[Records from a dataset]
Segment Open

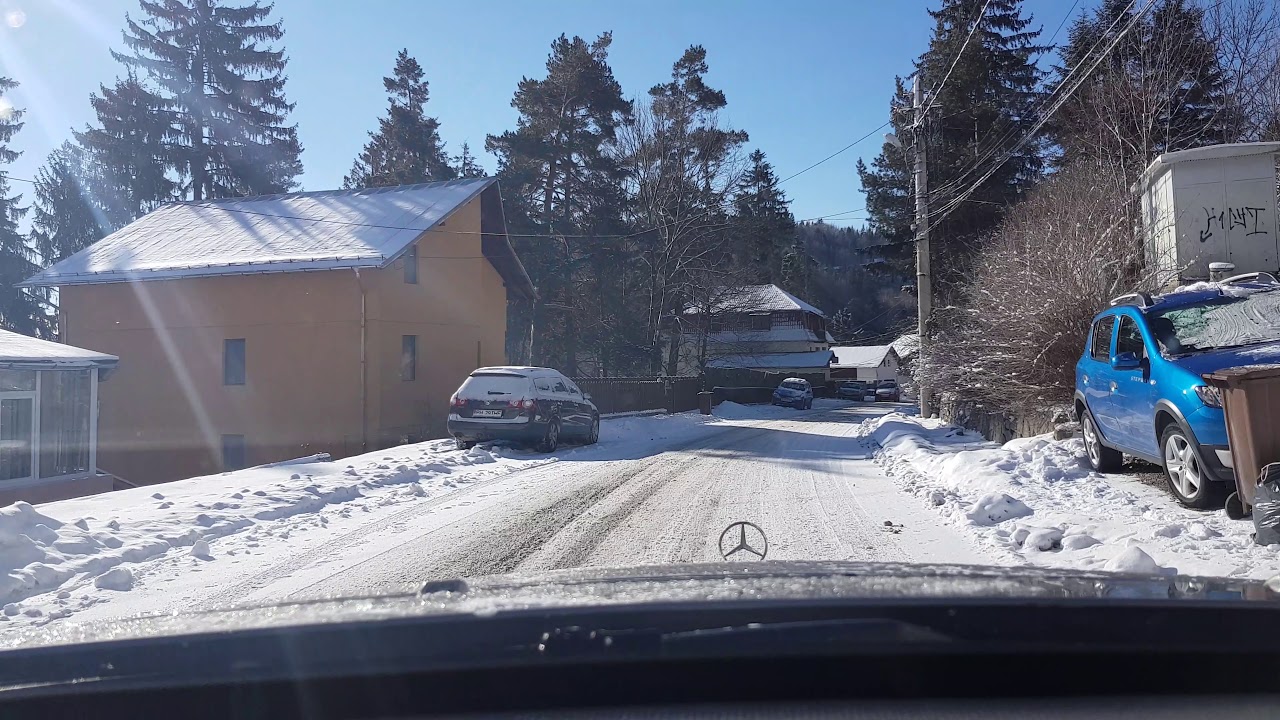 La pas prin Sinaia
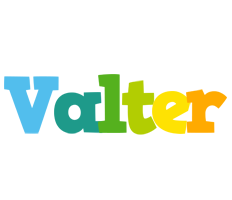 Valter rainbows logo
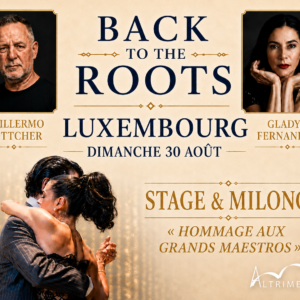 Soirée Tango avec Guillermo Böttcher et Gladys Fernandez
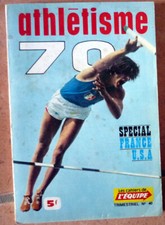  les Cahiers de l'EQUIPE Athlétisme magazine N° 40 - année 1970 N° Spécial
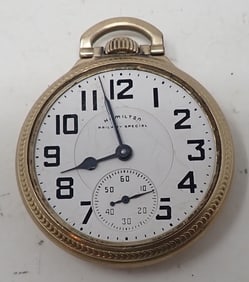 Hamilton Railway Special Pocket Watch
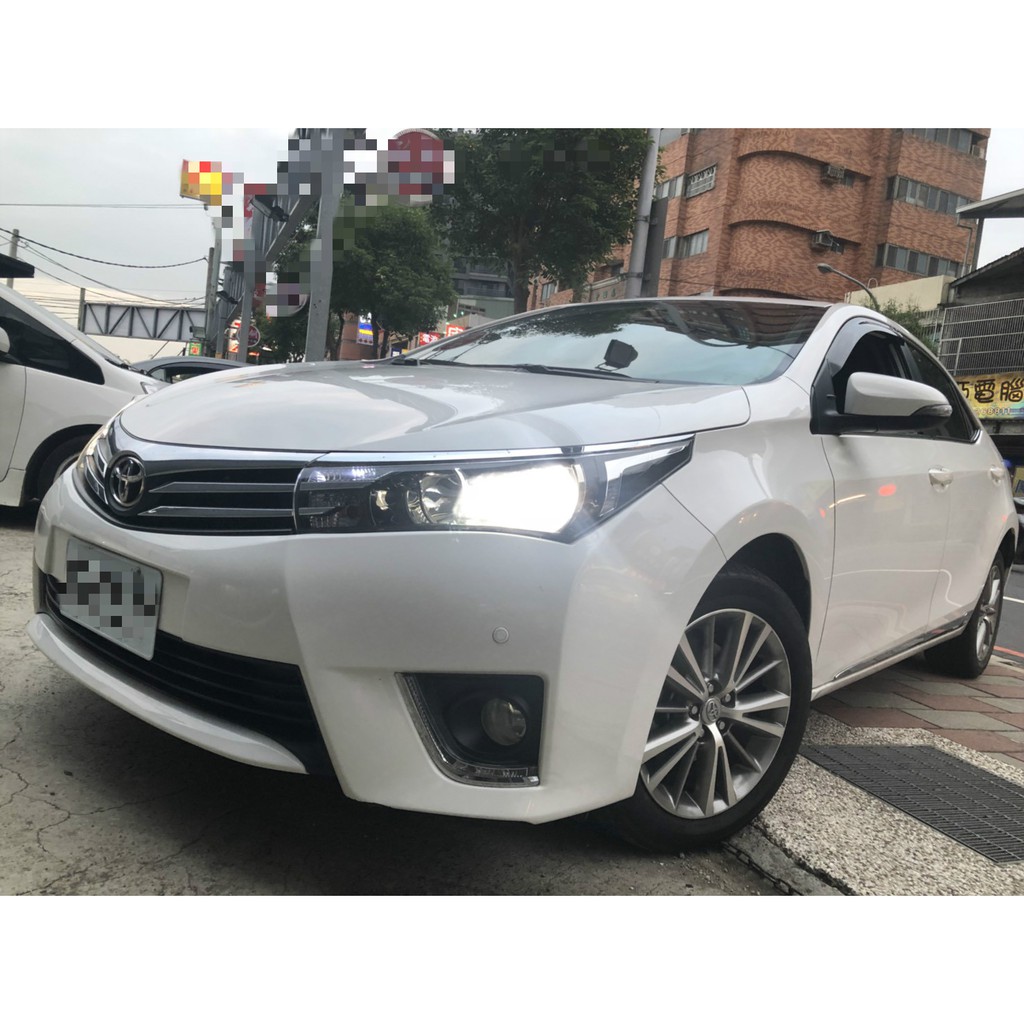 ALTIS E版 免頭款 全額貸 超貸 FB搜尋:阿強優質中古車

Segment Closed

• EXERCISE DESCRIPTION: Looking at the records above, extract only the lines from the one with "Valter rainbows logo" through the last line, exactly, with the pictures left out.

• TASK SOLUTION:
 Valter rainbows logo
 Soirée Tango avec Guillermo Böttcher et Gladys Fernandez
  les Cahiers de l'EQUIPE Athlétisme magazine N° 40 - année 1970 N° Spécial
 Hamilton Railway Special Pocket Watch
 ALTIS E版 免頭款 全額貸 超貸 FB搜尋:阿強優質中古車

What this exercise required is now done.